Image-text web data
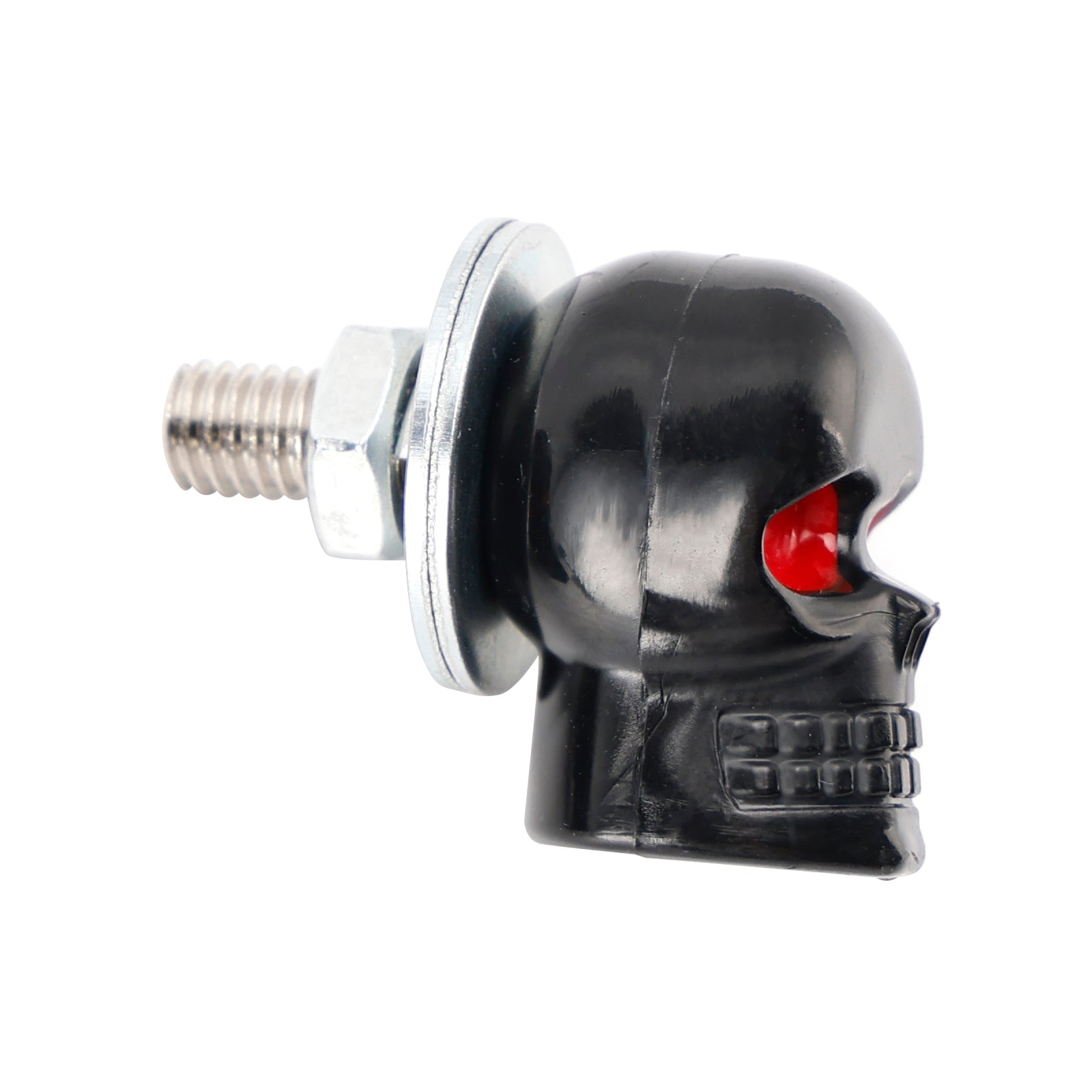 4x Motorcycle Bike Plastic Black Skull License Plate Bolt On Screw On Frame Nut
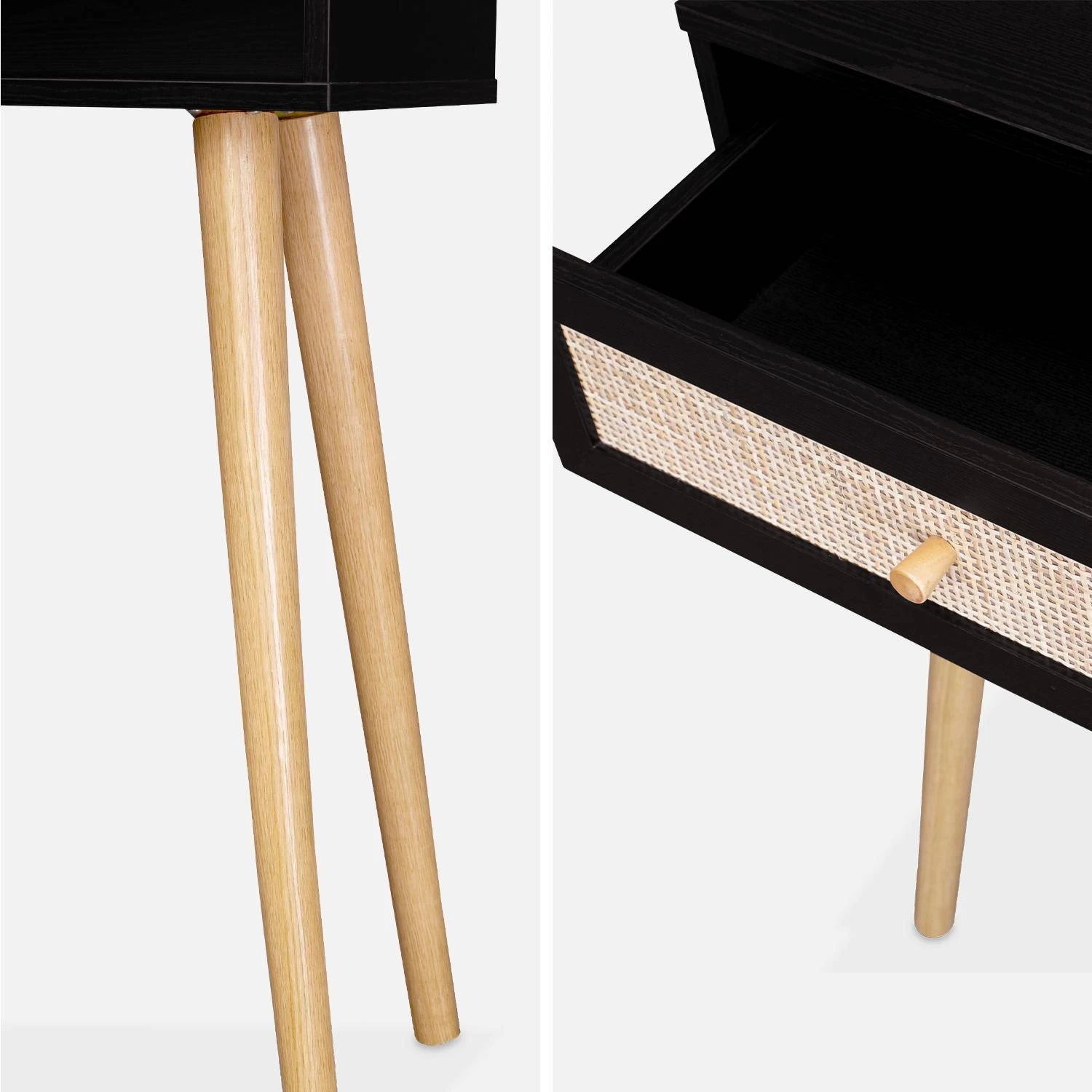 Console Scandinave Effet Bois Et Cannage Couleur : Noir 7 Console Scandinave Effet Bois Et Cannage Couleur : Noir – Image 5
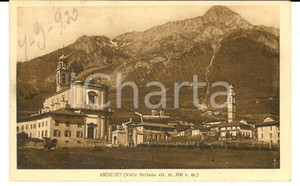 Cartolina originale da collezione 1935 ARDESIO BG Veduta con la chiesa di SAN GIORGIO Cartolina postale FP VG 1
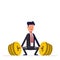 Businessman or manager can not lift a heavy barbell with money. Great difficulties. Unattainable. Vector, illustration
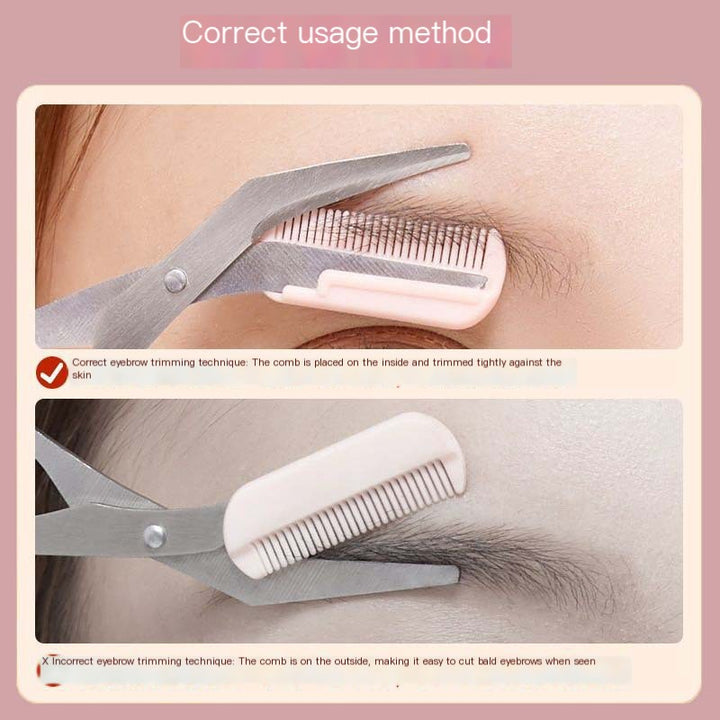 Eyebrow scissors and comb set for precision brow trimming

* [WHAT YOU ARE ASKED TO DO]: Give a verbatim transcription of the entries, leaving out the pictures.

* [ANSWER TO THE EXERCISE]:
 4x Motorcycle Bike Plastic Black Skull License Plate Bolt On Screw On Frame Nut
 Console Scandinave Effet Bois Et Cannage Couleur : Noir 7 Console Scandinave Effet Bois Et Cannage Couleur : Noir – Image 5
 Cartolina originale da collezione 1935 ARDESIO BG Veduta con la chiesa di SAN GIORGIO Cartolina postale FP VG 1
 Businessman or manager can not lift a heavy barbell with money. Great difficulties. Unattainable. Vector, illustration
 Eyebrow scissors and comb set for precision brow trimming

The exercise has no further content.